25643. For the President from Bunker. Herewith my forty-eighth weekly message.

A. General

1.
The past week seems to have been, in a sense, one of suspended animation. There has been a feeling of expectancy in the air, people waiting to see whether talks will get underway, and where they will be held. Your statement on the need for agreement on a site to which the interested parties would have adequate access under conditions which would be fair to both sides2 is considered here to be eminently reasonable and is strongly supported. At the same time, I have the impression that the general feeling of apprehension, the fear of American abandonment, which I reported in last week’s message,3 has subsided somewhat; although some anxiety is still evident there is much more confidence in our intentions. I think it is fair to say that concurrently there has been some hardening of popular and government attitudes and positions in respect to negotiations and the whole range of questions they raise. In the speech of the Prime Minister on April 17, in the resolutions adopted by the Confederation of Vietnamese Labor Unions, and in the two anti-Communist meetings held in [Page 596] Saigon over the weekend, as well as in statements by members of the government and the Assembly, opposition to any form of coalition with the NLF, insistence on the freedom and territorial integrity of South Viet-Nam, on its primary role in negotiations, and its determination to carry on, alone if necessary, to see that the fruits of its long struggle are not lost through negotiations have been emphasized repeatedly.
2.
Your joint communique with President Park has had a good effect here.4 Virtually all Vietnamese leaders were much reassured by the statement regarding Vietnamese participation in the peace talks. I think this statement alone has taken a good deal of the edge off of their fears. Vietnamese in general also seem to be more encouraged than otherwise by the delay in finding an acceptable site for preliminary contacts. The snag over a site has at least had the merit of demonstrating to them that we are not going to be bullied or cajoled into dealing with Hanoi on whatever terms it chooses to demand. The delay has also given many people here time to absorb this turn of events and to evaluate more soberly the meaning of your March 31 speech, various subsequent allied statements, and Hanoi’s response.
3.
Leaders such as Tran Van Huong and the head of the Senate’s independence bloc, Senator Nguyen Van Chuc, this week publicly expressed confidence that the U.S. would not abandon Viet-Nam. Prime Minister Loc’s speech, which I have mentioned, is generally positive in tone. He noted that Thieu is trying to carry out the promises made at Manila, referring to the establishment of constitutional government and the attack on corruption as examples.

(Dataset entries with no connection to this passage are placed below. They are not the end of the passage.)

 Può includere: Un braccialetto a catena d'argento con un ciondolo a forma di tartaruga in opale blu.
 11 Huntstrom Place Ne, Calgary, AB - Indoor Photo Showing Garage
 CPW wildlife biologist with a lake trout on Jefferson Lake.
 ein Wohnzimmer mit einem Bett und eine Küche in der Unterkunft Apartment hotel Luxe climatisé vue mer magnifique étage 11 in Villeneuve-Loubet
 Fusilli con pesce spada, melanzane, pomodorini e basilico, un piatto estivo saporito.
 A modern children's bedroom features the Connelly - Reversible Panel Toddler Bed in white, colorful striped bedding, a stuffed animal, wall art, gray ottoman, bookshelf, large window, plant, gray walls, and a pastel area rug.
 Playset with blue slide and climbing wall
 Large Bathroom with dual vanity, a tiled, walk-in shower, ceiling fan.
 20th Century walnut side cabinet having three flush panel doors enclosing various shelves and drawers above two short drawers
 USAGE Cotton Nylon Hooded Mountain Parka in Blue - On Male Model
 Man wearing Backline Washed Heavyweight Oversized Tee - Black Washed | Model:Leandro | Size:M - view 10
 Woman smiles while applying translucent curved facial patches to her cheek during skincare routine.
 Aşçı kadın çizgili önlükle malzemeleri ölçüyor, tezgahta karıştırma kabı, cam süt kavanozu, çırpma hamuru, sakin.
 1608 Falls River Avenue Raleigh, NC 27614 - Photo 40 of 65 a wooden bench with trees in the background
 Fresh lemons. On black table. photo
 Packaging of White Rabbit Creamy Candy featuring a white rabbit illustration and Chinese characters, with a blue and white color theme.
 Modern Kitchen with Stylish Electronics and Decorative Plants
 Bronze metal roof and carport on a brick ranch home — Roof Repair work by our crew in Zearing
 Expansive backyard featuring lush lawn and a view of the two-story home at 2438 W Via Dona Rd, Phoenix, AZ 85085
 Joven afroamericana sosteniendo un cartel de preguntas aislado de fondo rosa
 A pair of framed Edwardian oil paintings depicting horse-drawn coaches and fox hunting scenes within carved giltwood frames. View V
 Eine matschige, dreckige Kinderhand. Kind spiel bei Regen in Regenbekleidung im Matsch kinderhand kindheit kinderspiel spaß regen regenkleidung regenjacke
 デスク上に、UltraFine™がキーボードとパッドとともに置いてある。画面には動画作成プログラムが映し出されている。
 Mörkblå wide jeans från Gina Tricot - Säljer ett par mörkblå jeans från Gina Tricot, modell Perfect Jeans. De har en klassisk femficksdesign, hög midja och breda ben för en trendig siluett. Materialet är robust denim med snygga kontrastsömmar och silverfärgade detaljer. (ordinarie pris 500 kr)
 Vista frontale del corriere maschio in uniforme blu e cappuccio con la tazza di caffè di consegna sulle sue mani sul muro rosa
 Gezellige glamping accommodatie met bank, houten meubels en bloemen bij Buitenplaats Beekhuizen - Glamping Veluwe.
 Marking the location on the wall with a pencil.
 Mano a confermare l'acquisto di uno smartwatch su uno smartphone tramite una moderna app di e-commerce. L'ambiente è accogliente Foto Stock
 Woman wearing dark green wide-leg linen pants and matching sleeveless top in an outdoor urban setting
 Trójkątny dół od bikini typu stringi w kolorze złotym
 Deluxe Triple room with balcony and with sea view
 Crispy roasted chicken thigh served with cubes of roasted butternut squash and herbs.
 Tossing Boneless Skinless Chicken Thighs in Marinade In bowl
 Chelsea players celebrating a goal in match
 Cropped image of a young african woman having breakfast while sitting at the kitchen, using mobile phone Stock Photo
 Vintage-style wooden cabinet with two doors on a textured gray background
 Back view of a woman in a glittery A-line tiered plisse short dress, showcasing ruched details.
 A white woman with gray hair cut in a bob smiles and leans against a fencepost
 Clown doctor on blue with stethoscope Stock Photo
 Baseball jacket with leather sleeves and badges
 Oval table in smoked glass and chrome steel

He added that freedom loving peoples everywhere are “looking with confidence at the role and leadership of the United States in the task of stopping the Communists’ bold invasion.” He then said that in the light of GVN performance “Viet-Nam has the right to expect from her allies that they keep the promises they made in Manila5 with the view to halting Communist inroads.”

[Omitted here is discussion of military, political, civil, and economic matters.]

Bunker
  1. Source: National Archives and Records Administration, RG 59, Central Files 1967–69, POL 27 VIET S. Secret; Immediate; Nodis. Received at 5:43 a.m. This telegram is printed in full in Pike, ed., The Bunker Papers, Vol. 2, pp. 419–425.
  2. Reference is to the President’s remarks on April 15. For the full text, see Public Papers of the Presidents of the United States: Lyndon B. Johnson, 1968–69, Book I, pp. 511–513.
  3. Telegram 25197 from Saigon, April 19. (National Archives and Records Administration, RG 59, Central Files 1967–69, POL 27 VIET S)
  4. For this joint U.S.-South Korean communique, which contained a statement of dedication to the cause in Vietnam, see Department of State Bulletin, May 6, 1968, pp. 575–577.
  5. Reference is to the Manila Declaration of October 1966 calling for the withdrawal of U.S. and allied troops from South Vietnam within 6 months of enemy disengagement. See Foreign Relations, 1964–1968, vol. IV, Document 281.